Não é uma bala de prata, mas ainda é altamente relevante
Embora o EDR não deva ser sua única linha de defesa contra ameaças avançadas, incluí-lo em um conjunto de soluções de defesa é fundamental. Ele deve ser instalado em todos os servidores organizacionais – incluindo os baseados em Linux. No entanto, a instalação não é suficiente. Sua organização corre um risco significativo se o SO e o EDR subjacentes não forem implementados e ajustados. Por quê? Com base em nossas descobertas no estudo mencionado acima, aqui estão três razões pelas quais o ajuste fino do EDR e do sistema operacional subjacente é crucial:
1. Vulnerabilidades
Um dos principais desafios do EDR é que nem tudo relacionado à segurança depende do EDR. O EDR é uma solução de terceiros fornecida pelo fornecedor que está subjacente aos controles de segurança de terceiros, como controles de aplicativos em nuvem ou sistemas operacionais. Por causa disso, há certas coisas que as soluções EDR não farão por medo de interferir nos ativos de produção. O fato é que os hackers frequentemente aproveitam as vulnerabilidades nos controles primários para contornar o EDR.
2. Permissões excessivas
Em muitas empresas, as permissões do sistema operacional ainda não estão em conformidade com o princípio do privilégio mínimo. Frequentemente, os funcionários de campo que têm funções comerciais ou não técnicas desfrutam de permissões excessivas. Quando esses atores confiáveis podem fazer coisas como abrir o PowerShell para manipular o painel de controle, executar arquivos DLL e acessar diretórios que não são o diretório do Windows – a organização acaba exposta. Quando permissões excessivas permitem o carregamento e injeções de DLL, várias vulnerabilidades baseadas em JavaScript ou certificados que permitem curingas – tudo o que as soluções de EDR podem fazer é reproduzir a recuperação pós-ataque. A razão? O EDR é baseado em uma mentalidade de “assumir violação”. E a remediação pós-execução, por definição, só é relevante depois que o ataque ocorre.
3. Protocolos legados
Todo ambiente corporativo possui ativos legados. Aplicativos herdados, protocolos TCP IP, sistemas operacionais… todos eles têm formas herdadas de fazer coisas que frequentemente permanecem habilitadas por padrão. Às vezes é um caso de necessidade, mas frequentemente essas portas dos fundos são deixadas abertas porque ninguém pensou em fechá-las.
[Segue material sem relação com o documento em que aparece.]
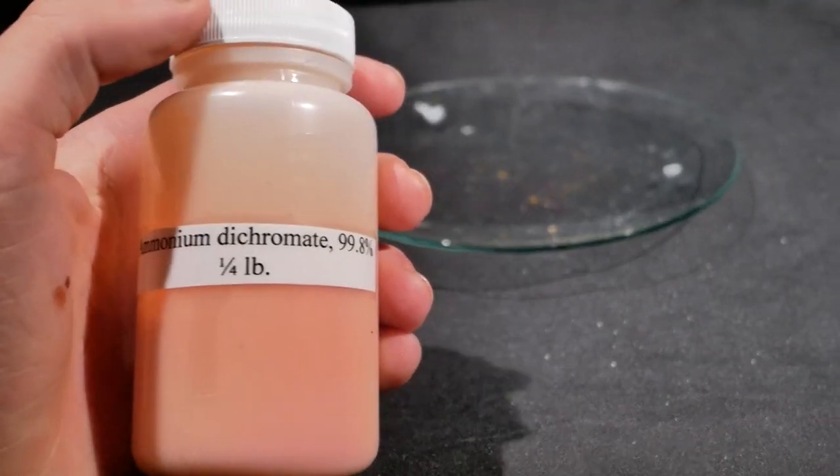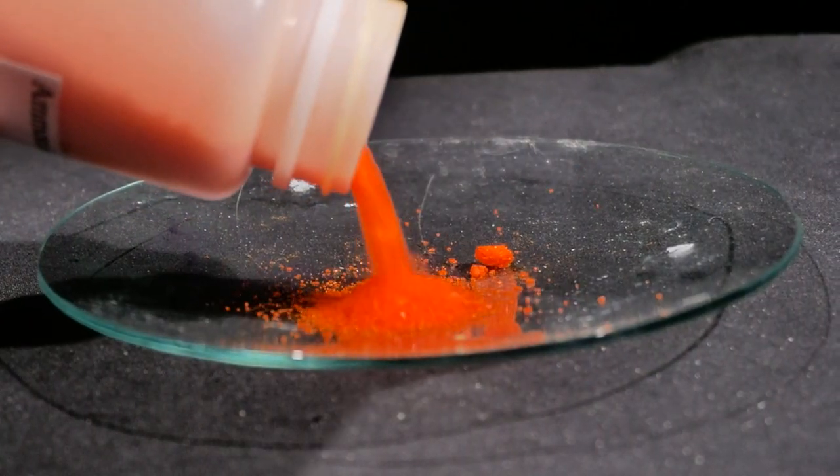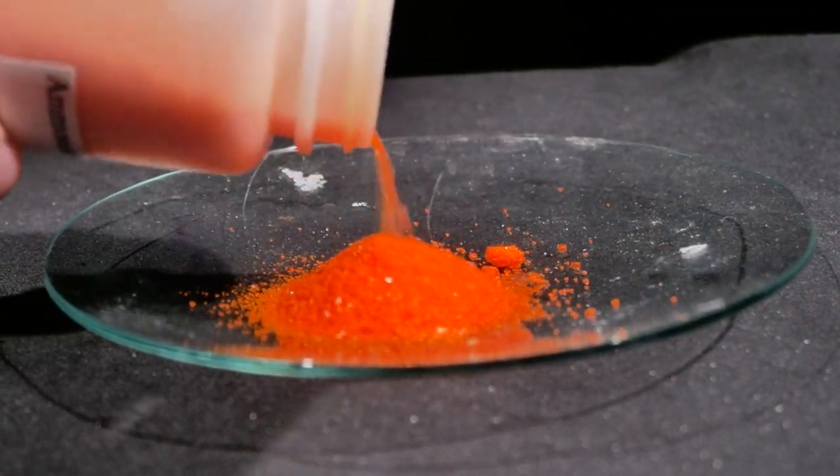This bright orange powder is called ammonium dichromate. It exothermically decomposes into water and nitrogen gas at around 180 degrees Celsius. Unfortunately, this demonstration has become uncommon in schools due to the compound's carcinogenic nature. Let's test it.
Por exemplo, em um patch recente, a Microsoft solicitou que os administradores do Exchange desabilitassem a autenticação básica, que tem sido o padrão desde sempre. Não há como evitar ataques man-in-the-middle com a autenticação básica habilitada, portanto, é necessário mudar para a autenticação avançada. Este é um protocolo legado que permaneceu exposto… até que alguém fechou a porta.
Outro exemplo são os arquivos herdados do Microsoft HTA. Esses são arquivos binários nativos do Windows que são usados para chamar aplicativos Microsoft HTML e ficam na pasta Windows System32. Um clique e esses arquivos podem ser substituídos por malware – com o EDR nem um pouco.
A linha de fundo
Mesmo que continuem sendo a pedra angular da maioria das defesas de segurança cibernética, os sistemas EDR claramente não são uma bala de prata. Eles não são suficientes para proteger a organização como primeira linha de defesa contra violações de segurança. Dito isto, o EDR – se implementado de forma otimizada junto com o teste e ajuste do SO – tem um papel importante a desempenhar. Para maximizar o retorno do investimento em segurança das soluções de EDR, as organizações precisam garantir que o EDR não seja prejudicado por vulnerabilidades primárias, permissões excessivas ou protocolos herdados.